Chandigarh Is Amazingly Connected to Newly Discovered ‘Kalam’ Bacteria. Know How

You always have heard IITs, IISc, DRDO and such premier institutions having their names in the acclaimed researches, but Chandigarh has a reason to boast about. 

The newly discovered bacteria -Solibacillus kalamii- had the joint efforts of scientists of NASA’s Jet Propulsion Laboratory (JPL) in California and Chandigarh’s Institute of Microbial Technology (IMTECH).



The bacteria -Solibacillus kalamii -was isolated from High Efficiency Particulate Air (HEPA) filters (used to revitalize the air and filter out microbes and viruses in International Space Station) in Space Transportation System (STS)-134.

Space Transportation System (STS)-134 was the penultimate mission of NASA’s Space Shuttle programme to International Space Station and the last flight of Space Shuttle Endeavour.

The filter in the International Space station from where Solibacillus kalamii was isolated returned to Earth in May 2011 using STS-134.

“HEPA will be an excellent sample since materials collected over a long period of time will be useful to know what kind of microorganisms were inside the International Space Station, and were breathed in and out by astronauts,” said Kasthuri Venkateswaran, senior research scientist at the California Institute of Technology’s Jet Propulsion Laboratory.

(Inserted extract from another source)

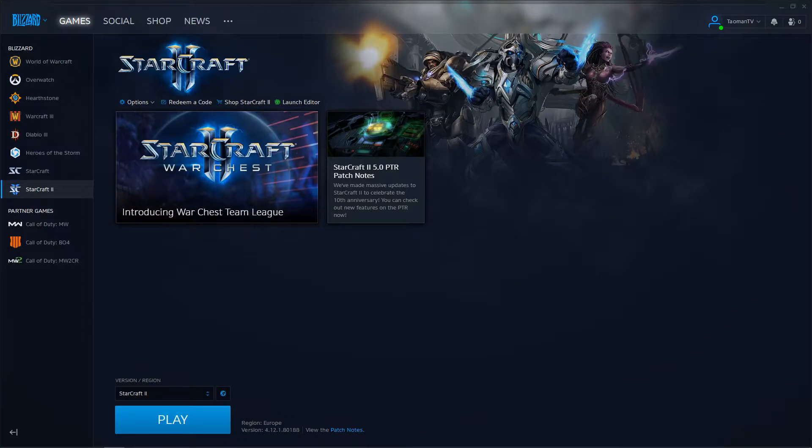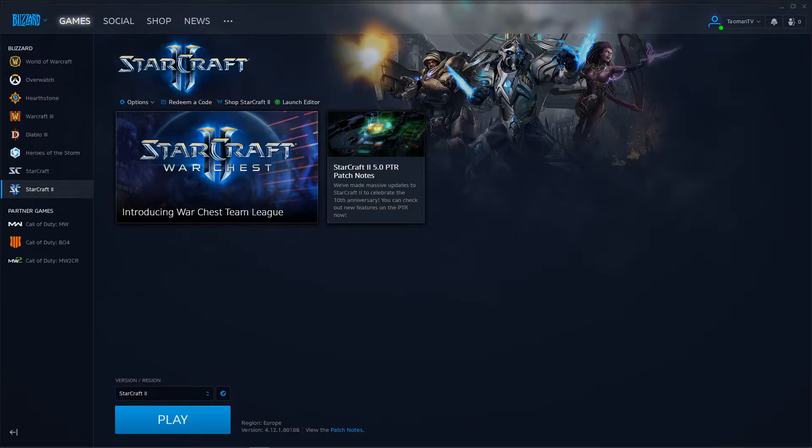Everybody my name is Tauman and in this video I will show you a simple way how you can appear offline in Battle.net. So let's start.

 The study was recently published in the International Journal of Systematic and Evolutionary Microbiology.
For special tests and analysis of the microbe, the samples were sent to IMTECH, where analysis was done by a team led by Dr S Mayilraj. “We have this unique facility at IMTECH and we have been doing such tests on microbes isolated from Kennedy Space Center, where the Phoenix spacecraft was assembled.
Senior scientist Venkateswaran is a big fan of Dr Kalam. It was his idea to name the bacteria after him.
Why did we name the bacteria after him? He was a passionate space scientist and ardent supporter of the next generation of educators,” shared Venkateswaran.

Scientists at NASA say that since the bacterium consists of an extraneous layer, it can be utilized in making pharmaceutical compounds. Its resistance to various types of radiation (UV , gamma, etc) will be tested to develop sterilization and cleaning techniques, they say.